I got problem proving this statement:
Let $f:U\to R$, $U\subseteq R^n $ is open. if $\vec{a}\in U$ is local Maxima or local minima, then $\vec{a} $ is a critical point.
The definition I got for critical point is:
Let $f:U\to R $, $U\subseteq R^n $ is open. $\vec{a}\in U$ is called critical point if:
(1) $f$ doesn't differentiable at the point $\vec{a}$
(2)$f$ differentiable at the point $\vec{a}$ and $(\nabla f)(\vec{a})=\vec{0}^{\ t}$
I saw a proof which assumes $(\nabla f)(\vec{a})\ne\vec{0}^{\ t}$, and therefore for small enough $h\in R$, $h>0$ we get: $$f(\vec{a}+h((\nabla f)(\vec{a}))^{t})>f(\vec{a})$$ which is in contradiction to maxima.
But I don't understand why is have to be larger the $f(\vec{a})$.

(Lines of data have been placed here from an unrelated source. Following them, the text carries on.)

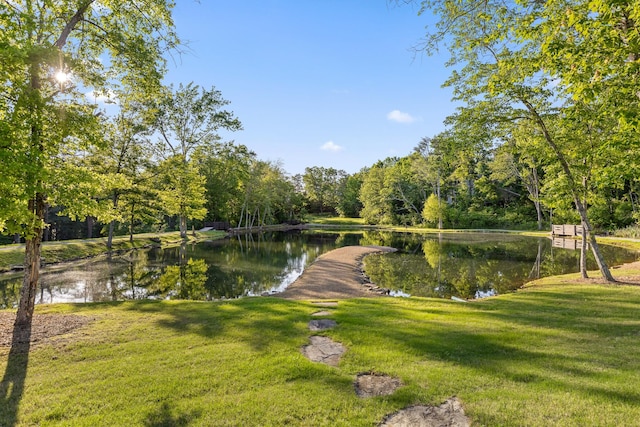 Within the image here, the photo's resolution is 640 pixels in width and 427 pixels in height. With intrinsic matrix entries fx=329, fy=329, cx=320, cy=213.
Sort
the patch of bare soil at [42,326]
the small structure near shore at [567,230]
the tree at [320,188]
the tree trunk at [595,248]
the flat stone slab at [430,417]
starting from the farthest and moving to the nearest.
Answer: the tree at [320,188], the small structure near shore at [567,230], the tree trunk at [595,248], the patch of bare soil at [42,326], the flat stone slab at [430,417]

Intuitively, this is true because the gradient of $f$ points in the direction that increases $f$ the fastest. Formally, using Taylor's theorem: $$ f(\vec a + h ((\nabla f)(\vec a))^t) = f(\vec a) + h \Vert (\nabla f)(\vec a) \Vert^2 + R_2(\vec a,h ((\nabla f)(\vec a))^t) $$ where $\frac{R_2(\vec a,\vec x)}{\Vert \vec x\Vert^2} \to 0$ as $\vec x\to 0$. Because of the vanishing remainder, you can choose $h$ small enough so that the right-hand side is larger than $f(\vec a)$.